Cream Of Tartar
Cream Of Tartar, also known by the chemical name Potassium Bitartrate, is found in a wide variety of foods and even in bath products. It has the chemical formula KC4H5O6.
Cream of tartar is a byproduct of winemaking.
It is usually found in food uses. But another popular use that’s emerged in the last few years, is using it in bath bombs and bubble bars, as a hardener.
Bath Bomb recipe using cream of tartar as a hardener
Here’s a typical Bath Bomb recipe using cream of tartar as a hardener:
2.5 Lb Sodium Bicarbonate
1 Lb fine free flowing Citric Acid
6 Oz Sodium Lauryl Sulfoacetate (SLSA) powder * For the best foam ever
2 Oz Corn starch
2 Oz Kaolin Clay
6 Oz Cream of tartar * in more humid areas bump up to 8 Oz
- *Optional – Sodium Alginate (9oz)
Colorant(s) Like mica powders, and / or Batch cerified dyes or lakes – amount varies
Gather: 2 large mixing bowls, a wire whisk, rubber gloves, a face mask, wax paper, blow dryer or craft heat gun.
Make sure you have a large open space to spread the wax paper so that the bombs are sitting level and can air “cure”.
Mix the ingredients in a well-ventilated area, and always use safety gear like gloves and masks .
Part A: Mix together the pre-measured Citric Acid, Sodium Bicarbonate, SLSA, Cream of Tartar, kaolin clay, and Cornstarch together until well blended. When you think you have it blended well – mix it a little longer. (Work in a well-ventilated area).- optional Sodium Alginate
Part B: Slowly add almond oil and Polysorbate 80 in to the dry ingredients – until well mixed. Gently melt your shea and cocoa butter. Add the melted shea, cocoa butter to the “Part A” . Put your gloved hand into the mixture and smooth out any lumps that may form. Mixture should resemble ground cornmeal. At this point, if you want different colors and fragrances separate the mixture into different bowls and add fragrance oil till you reach the desired level of fragrance. You can also add colorant (mica ) now if you wish.
Take the 2 sides of the mold and scoop as much mixture into the mold as possible and squeeze the 2 sides together. Hold the mold in one hand while very gently squeezing the top of the mold. It should slide right off.

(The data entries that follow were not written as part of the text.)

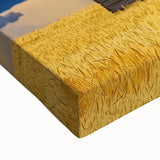 Close-up of a stretched canvas print showcasing a vibrant barn landscape design with rich colors, ideal for rustic home decor and art enthusiasts.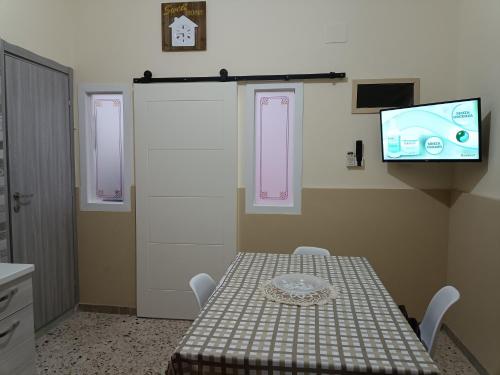 巴格里亚Holiday home La Rinascita的一间设有桌子的房间和墙上的电视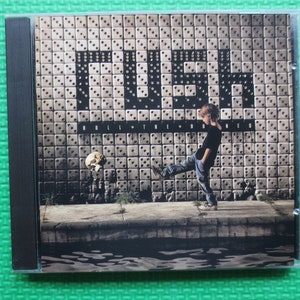 May include: A CD case with a black spine and a front cover featuring a child kicking a skull towards a wall with the word "DICE" written in large letters. The wall is made of small square tiles. The text "ROLL THE DICE" is written below the word "DICE".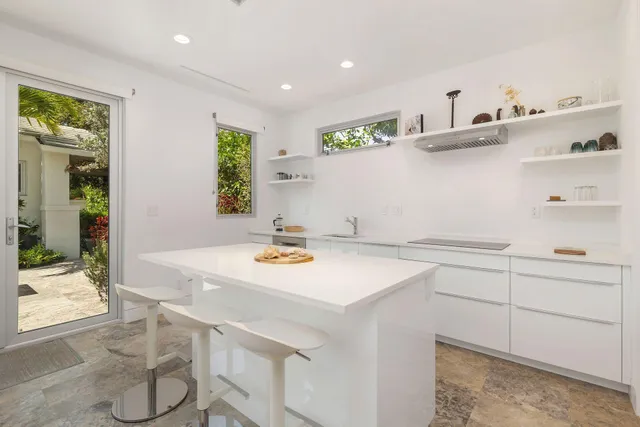 a kitchen with a sink cabinets and wooden floor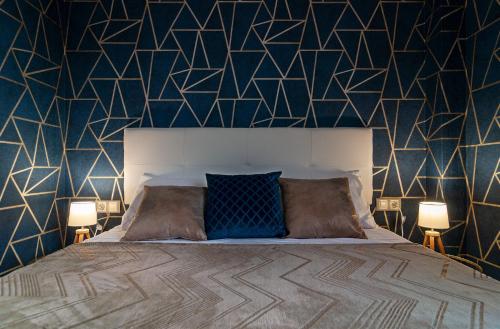 een slaapkamer met een bed met een geometrische muur bij Beach & Pool Sant Salvador - 150m from sea in Comarruga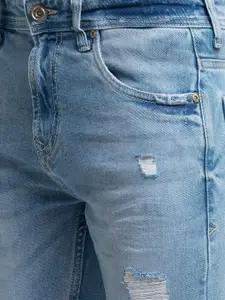 SPYKAR Men Blue Tapered Fit Mildly Distressed Light Fade Jeans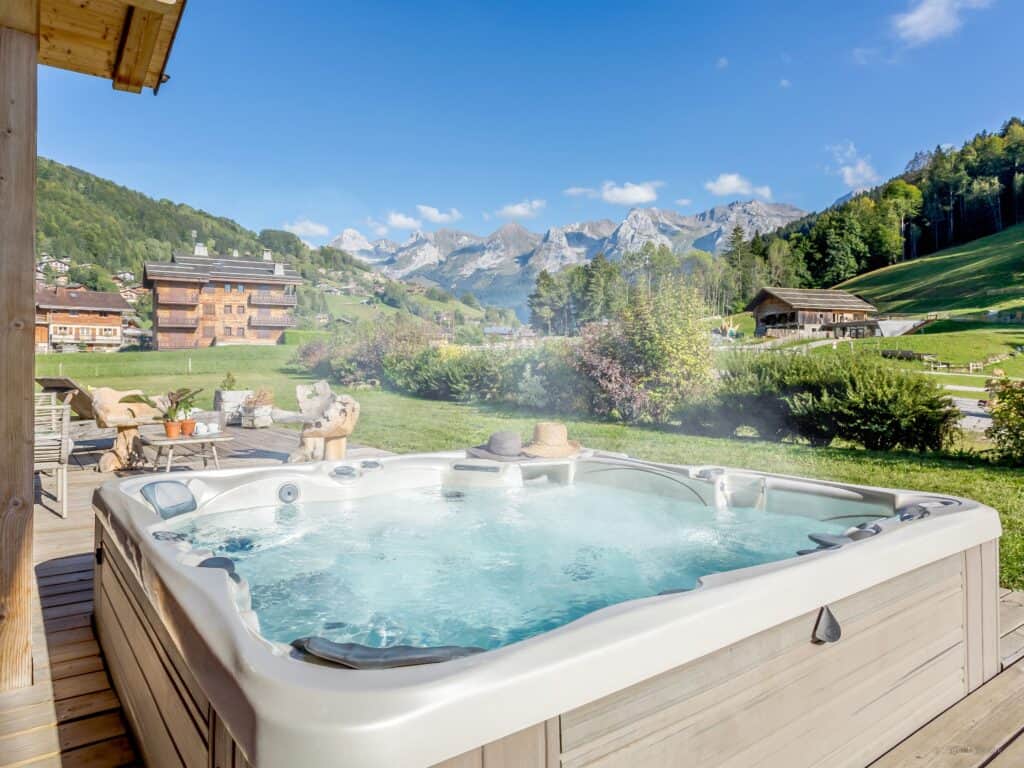 Hot tub with summer mountain views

Gently turn ball over into hand and gently squeeze the other side of the mold till bomb pops out into hand. Carefully lay the bomb onto the wax paper and let it “cure” for 2-3 days in a dehumidified area.
After your foaming bath bombs have cured and are nice and solid, it’s time to shrink wrap them. Unfold the shrinkwrap and cut out in to 8 x 8 inch squares. Place the bomb in the middle and pull one edge of the wrap up and over the ball while working your way around the ball. Hold the wrap down with one finger and apply the hair dryer or heat gun to the wrap working you way around the ball until it shrinks the wrap and the wrap adheres to the ball. Make sure you heat the entire ball. Lastly – properly label the product and affix the label to the bath bomb
Packaging Suggestions: Keep the bath bombs only in the clear wrap, or be creative and wrap the bath bombs in pretty fabric or sheer material with a bow These make wonderful gifts and will stay fresh for at least 6-9 months if stored properly.
* Makes about 13 to 15 bath bombs depending on how tightly you pack molds.
Common uses for cream of tartar in food
Cooking is the most common application for cream of tartar. It’s an ingredient in Baking powder, activating the sodium bicarbonate. It’s also used as a sodium-free salt substitutes, in combination with potassium chloride.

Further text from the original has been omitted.